May 6, 2026 - Uncategorized    No Comments

Cough Medicine and Crossed Fingers

After staying home from church on Sunday and school Monday and yesterday, my youngest headed off today with cough medicine in her system. The crossed fingers, of course, are mine. Is she well enough? Is she going to infect half her class? Or, conversely, has most of her class already had it and she got it from one of them? Who knows. What I do know is that this is my one child who struggled to figure out blowing her nose AND is terrible at drinking anywhere close to enough, and if, after every cold, I waited to send her back to school until the gunk was gone, I’d have the truant officers after me. (Plus, it’s testing, and missing that is never ideal.) I am, therefore, once again alone in the house, which is why I can peacefully compose a book review at lunchtime.

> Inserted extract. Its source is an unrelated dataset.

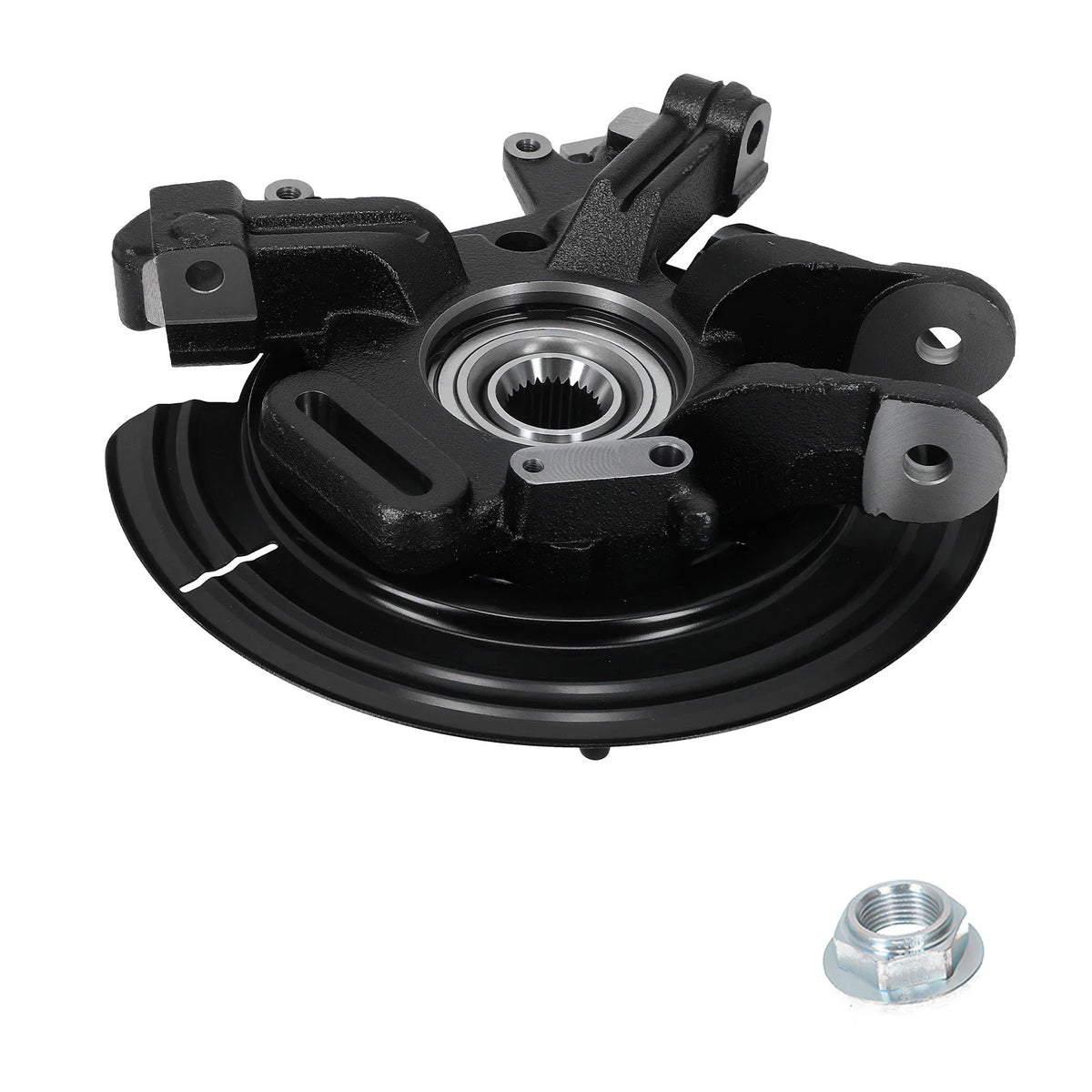 Rear Right Hub Bearing Assembly for Ford Explorer Steering Knuckle 2002-2010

When we were pondering Battle of the Books options (we’ve settled now, but before, when we were pondering) we wanted a local author, but Jennifer Nielsen has apparently been done recently. Tyler Whitesides was suggested as an alternative, but I wondered about other possible options and decided to google Utah authors, which is how Erin Stewart’s The Mysterious Magic of Lighthouse Lane popped onto my radar. It’s new–it came out in February–but it’s also already on Libby as an audiobook, and while Tyler Whitesides got picked for our upcoming BotB list (I was only halfway through Stewart’s book at the meeting), I’m hoping for Erin Stewart for the following year, because I very much enjoyed The Mysterious Magic of Lighthouse Lane. (That may have flirted with being a run-on sentence there, but I’m over it.)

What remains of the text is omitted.